I asked Bandula Sir how the Tamil employees could speak Sinhalese if everything was kept to separate like this, and he shrugged and just said that it was through experience in the factory: practical experience gives Tamils knowledge of Sinhalese. I also asked why the three ethnicities remain so separate. He said that Tamils just live in certain places only, and Muslims are the same. Sinhalese are everywhere. And it’s been like this for maybe, three or four hundred years. It took me a little while to latch on to what he was saying, but then it clicked that of course, these Tamil and Muslim settlements would have sprung up when the British imported workers from the Empire to the then almost exclusively Sinhalese country, and it just hasn’t changed since. They would have been like pockets of another culture embedded in a Sinhalese landscape, and by what Bandula Sir was saying, it doesn’t sound like it’s changed terribly.

I went on to ask why even Ampara still has such a concentrated population of Sinhalese – I would have thought that naturally through rural-urban migration the numbers of Tamils and Muslims would have increased. The answer I got was a real surprise. When the British built the Inginiyagala Dam, 50 or 60 years ago, they brought workers into the area. They gave construction jobs to Sinhalese, driving jobs to Muslims, and office jobs to Tamils. From what I gather, the Sinhalese and local government were less than impressed with this distribution of jobs, and since then, ‘new people’ are not allowed to settle in the town unless they are Sinhalese. The only Tamil and Muslim people in the town are ‘old people’, who were there before these regulations were introduced. There are only two Muslim shops in the town – all the rest are Sinhalese. There are ten Buddhist temples, three churches, but only one Hindu temple and one mosque. I can’t understand why these rules haven’t changed, but it would be interesting to find out.
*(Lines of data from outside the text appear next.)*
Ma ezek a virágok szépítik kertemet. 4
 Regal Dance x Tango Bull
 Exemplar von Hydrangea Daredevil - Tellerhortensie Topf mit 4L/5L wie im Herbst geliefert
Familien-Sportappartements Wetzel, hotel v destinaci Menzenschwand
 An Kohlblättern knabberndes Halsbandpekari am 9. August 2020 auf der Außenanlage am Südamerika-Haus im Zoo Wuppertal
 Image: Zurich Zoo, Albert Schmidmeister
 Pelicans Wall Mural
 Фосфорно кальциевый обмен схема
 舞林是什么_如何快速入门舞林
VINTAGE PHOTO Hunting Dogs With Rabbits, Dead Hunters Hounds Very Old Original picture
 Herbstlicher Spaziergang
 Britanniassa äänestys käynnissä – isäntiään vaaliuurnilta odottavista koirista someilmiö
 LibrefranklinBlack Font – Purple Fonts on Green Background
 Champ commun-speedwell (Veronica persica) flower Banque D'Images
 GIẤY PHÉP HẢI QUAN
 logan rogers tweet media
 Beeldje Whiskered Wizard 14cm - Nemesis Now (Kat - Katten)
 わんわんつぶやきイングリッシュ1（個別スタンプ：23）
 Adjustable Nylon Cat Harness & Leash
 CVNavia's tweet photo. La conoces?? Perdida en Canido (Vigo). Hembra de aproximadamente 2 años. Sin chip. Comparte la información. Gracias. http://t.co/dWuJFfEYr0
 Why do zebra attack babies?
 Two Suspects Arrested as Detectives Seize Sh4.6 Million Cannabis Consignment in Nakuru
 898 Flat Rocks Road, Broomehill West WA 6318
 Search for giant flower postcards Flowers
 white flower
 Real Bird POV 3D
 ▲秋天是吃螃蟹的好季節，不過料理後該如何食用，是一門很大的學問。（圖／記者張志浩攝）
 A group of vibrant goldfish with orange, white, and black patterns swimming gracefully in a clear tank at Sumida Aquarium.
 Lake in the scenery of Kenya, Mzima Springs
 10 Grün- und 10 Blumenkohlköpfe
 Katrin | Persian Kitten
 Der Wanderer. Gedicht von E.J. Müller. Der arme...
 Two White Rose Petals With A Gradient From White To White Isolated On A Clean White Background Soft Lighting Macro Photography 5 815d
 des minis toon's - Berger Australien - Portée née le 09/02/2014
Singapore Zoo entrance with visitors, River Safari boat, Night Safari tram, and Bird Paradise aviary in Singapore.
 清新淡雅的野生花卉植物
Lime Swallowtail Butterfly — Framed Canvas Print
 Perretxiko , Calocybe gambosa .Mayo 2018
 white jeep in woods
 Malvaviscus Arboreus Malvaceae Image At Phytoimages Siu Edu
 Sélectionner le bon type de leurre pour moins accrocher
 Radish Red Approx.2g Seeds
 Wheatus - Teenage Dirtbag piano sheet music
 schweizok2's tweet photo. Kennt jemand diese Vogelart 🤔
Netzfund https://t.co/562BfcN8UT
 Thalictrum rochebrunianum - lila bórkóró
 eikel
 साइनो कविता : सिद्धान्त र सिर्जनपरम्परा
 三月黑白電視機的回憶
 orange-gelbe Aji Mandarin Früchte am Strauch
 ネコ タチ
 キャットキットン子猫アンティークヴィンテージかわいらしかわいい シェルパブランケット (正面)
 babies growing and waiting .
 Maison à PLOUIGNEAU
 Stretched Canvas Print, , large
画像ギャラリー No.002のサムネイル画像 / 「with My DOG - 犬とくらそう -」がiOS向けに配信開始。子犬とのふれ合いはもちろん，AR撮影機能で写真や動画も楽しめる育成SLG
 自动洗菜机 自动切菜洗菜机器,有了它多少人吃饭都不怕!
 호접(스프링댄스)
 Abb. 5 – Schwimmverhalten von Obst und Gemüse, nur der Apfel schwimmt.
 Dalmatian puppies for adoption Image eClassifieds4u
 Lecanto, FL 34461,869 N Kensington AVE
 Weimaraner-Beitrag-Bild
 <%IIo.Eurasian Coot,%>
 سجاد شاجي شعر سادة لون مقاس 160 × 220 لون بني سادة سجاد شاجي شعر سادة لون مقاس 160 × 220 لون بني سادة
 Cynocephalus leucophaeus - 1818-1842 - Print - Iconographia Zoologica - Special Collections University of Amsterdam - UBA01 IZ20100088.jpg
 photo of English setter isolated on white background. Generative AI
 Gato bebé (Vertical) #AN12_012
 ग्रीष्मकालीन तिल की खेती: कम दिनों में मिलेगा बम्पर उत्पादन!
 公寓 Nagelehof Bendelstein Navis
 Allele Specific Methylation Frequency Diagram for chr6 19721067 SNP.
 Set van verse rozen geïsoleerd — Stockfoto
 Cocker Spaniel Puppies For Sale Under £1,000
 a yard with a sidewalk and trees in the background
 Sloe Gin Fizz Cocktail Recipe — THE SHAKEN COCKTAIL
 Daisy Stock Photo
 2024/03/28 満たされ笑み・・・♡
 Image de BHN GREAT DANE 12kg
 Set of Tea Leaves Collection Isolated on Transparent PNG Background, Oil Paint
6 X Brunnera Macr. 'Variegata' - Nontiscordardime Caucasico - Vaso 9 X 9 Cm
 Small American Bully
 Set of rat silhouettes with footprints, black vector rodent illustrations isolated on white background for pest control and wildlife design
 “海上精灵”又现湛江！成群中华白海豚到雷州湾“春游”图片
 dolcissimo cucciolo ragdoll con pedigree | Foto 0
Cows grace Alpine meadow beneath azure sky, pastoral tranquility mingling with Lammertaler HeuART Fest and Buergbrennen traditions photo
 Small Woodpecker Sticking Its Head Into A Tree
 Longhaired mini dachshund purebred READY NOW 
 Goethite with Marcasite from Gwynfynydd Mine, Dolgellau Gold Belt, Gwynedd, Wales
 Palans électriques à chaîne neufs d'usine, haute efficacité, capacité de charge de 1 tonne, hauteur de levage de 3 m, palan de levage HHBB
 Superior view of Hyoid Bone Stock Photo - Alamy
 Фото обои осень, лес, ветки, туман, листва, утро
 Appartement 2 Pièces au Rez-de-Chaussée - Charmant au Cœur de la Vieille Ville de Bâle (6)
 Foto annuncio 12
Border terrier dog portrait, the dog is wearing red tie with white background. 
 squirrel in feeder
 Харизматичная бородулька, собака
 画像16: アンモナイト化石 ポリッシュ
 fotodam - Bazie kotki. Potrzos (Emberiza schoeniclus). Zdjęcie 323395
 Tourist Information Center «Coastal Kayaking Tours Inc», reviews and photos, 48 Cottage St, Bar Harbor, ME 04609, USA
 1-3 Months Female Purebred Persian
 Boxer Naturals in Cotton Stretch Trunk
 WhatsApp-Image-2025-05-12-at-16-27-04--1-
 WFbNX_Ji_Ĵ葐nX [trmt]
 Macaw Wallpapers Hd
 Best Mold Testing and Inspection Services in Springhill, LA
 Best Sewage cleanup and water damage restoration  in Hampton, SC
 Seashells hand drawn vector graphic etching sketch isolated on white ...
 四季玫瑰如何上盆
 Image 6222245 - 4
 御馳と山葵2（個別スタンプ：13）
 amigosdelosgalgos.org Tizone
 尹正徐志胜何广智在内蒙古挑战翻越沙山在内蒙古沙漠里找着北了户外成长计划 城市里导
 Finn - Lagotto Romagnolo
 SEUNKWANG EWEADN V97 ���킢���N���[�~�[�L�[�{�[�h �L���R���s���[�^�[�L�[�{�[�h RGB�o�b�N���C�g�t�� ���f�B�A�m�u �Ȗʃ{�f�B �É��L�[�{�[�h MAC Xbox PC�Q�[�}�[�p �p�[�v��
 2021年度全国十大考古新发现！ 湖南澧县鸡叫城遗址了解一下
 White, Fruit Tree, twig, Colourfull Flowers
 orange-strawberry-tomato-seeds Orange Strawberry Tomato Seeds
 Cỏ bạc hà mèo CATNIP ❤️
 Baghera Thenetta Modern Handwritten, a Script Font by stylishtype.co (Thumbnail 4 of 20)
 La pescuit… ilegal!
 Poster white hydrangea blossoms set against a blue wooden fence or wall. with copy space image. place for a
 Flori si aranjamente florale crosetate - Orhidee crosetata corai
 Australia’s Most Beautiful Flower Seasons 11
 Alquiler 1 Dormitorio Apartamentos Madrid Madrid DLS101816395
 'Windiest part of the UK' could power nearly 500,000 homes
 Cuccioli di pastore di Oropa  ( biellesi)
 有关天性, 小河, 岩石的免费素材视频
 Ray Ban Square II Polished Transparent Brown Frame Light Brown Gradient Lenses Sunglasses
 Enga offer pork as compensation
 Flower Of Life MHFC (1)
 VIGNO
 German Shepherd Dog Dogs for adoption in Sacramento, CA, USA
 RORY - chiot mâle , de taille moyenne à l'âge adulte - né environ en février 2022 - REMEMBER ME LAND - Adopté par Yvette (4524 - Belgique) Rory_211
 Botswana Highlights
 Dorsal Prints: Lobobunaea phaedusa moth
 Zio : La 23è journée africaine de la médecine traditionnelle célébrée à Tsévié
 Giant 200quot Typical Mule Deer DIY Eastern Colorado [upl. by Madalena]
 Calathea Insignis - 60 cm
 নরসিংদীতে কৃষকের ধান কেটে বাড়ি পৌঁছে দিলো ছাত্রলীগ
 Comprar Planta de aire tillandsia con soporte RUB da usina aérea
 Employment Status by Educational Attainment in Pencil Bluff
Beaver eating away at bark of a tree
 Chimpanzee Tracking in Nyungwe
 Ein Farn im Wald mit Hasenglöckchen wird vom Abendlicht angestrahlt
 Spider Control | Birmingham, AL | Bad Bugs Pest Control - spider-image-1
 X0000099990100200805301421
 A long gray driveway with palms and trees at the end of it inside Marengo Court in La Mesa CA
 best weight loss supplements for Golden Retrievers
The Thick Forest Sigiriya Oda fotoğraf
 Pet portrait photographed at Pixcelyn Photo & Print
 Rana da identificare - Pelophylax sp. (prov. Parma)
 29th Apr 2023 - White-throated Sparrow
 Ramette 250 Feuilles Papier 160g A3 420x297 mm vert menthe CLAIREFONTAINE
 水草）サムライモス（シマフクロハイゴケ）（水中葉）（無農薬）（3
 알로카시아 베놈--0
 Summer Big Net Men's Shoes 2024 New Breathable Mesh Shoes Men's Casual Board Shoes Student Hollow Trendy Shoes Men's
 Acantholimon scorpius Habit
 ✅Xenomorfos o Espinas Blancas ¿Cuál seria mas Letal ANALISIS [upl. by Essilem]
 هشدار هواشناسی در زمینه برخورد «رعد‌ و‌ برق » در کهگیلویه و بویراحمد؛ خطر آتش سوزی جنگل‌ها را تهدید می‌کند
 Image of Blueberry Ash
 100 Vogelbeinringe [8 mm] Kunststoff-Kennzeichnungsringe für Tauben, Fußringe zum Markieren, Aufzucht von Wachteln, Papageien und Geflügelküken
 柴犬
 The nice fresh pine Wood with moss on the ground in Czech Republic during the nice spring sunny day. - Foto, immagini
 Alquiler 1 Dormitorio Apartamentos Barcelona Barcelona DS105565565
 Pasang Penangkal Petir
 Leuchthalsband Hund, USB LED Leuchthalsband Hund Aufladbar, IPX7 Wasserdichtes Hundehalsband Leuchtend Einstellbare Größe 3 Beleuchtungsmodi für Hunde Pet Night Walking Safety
I asked again about problems that the workers faced, and about any underlying tensions between Tamils and Sinhalese. Bandula Sir simply said that relations are all okay now. 5 years ago, perhaps, there were some problems, but everything is okay now. This confused me again, because despite his insistence that none of the workers had any problems with each other, he managed to hint that maybe there had been problems after all. Perhaps he just meant generally in the area though.

To summarise, there has been no previous conflict between workers, but the ethnic groups in the District are very separate. There are laws preventing non-Sinhalese from settling or setting up businesses in Ampara, and only now are the ethnicities starting to blur the borders a little, as limited migration has commenced in their respective areas. Whether there is or was conflict between the workers is hard to tell for certain, but it’s looking like there hasn’t ever been. What is conflicting is the information I’m receiving. Much work to be done!